Sorry for the winded post but it didnt feel right to take alot of credit as i have stumbled along the way.

But i am amazed you own ANS, your in everything it seems.
When did you buy in?


----------



## Toronto.gal (Jan 8, 2010)

daddybigbucks said:


> 1. the whole *story isn't so rosy* t.gal...I did make alot with ans during the housing boom in 2005.
> 2. after the japan tsunami, i put alot into ans at hugh *$3.50+* price tag.
> 3. *It dropped to $0.7 *(or so)briefly and although osb market was ugly, i that is when i bought back...its all free shares now so i can let it roll.
> 4. close to 90% of my tsfa is ans but hold less than 3% in my main rrsp.
> 5. But i am amazed you own ANS, your in everything it seems.
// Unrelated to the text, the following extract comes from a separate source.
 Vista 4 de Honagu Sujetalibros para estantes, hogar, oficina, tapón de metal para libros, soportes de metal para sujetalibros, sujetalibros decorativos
*1.* I know it has not been all rosy, after all, it was a beaten-down stock like I said, hence the reason why you deserve a prize for your analyses & courage, because you bought at a difficult time when most people would have avoided such a stock! I only entered the stock market [in general] in 2009, so I only know the stock's previous history from reading, but not through 1st hand experience.
*
2.* Yes, I know, as I traded this stock back in 2011 as well & before its nauseating collapse [always keeping a % of shares], so I'm very familiar with its steady decline, from $3.30+ at the start of 2011, to $.68 by mid December of same year. However, if you know me, then you know that I can't resist good bargains! :hopelessness:

*3.* I added as well [more so in 2012 when stock started to recover] & managed to average down my long-term free shares also, hence I had a decent number of Rights to purchase at $1.25 earlier this month. 

*4.* In fact, I have doubled my TFSA with this stock [and other CDN jrs.], and even shared this with the forum a few months ago in a discussion about using TFSA accounts more as trading vehicles [especially for those with long-term horizon], to make the funds grow faster [as opposed to relying on growth by merely holding less volatile stocks, whether dividend paying or not]. I also hold some in my RRSP account. Great minds think alike [except about ECA, remember?]. :biggrin:

*5.* You obviously had not read my previous post about this stock, and hmmm, too bad as you might have encouraged me to 'park most of my money' in this stock in 2012 [and in late 2011]. 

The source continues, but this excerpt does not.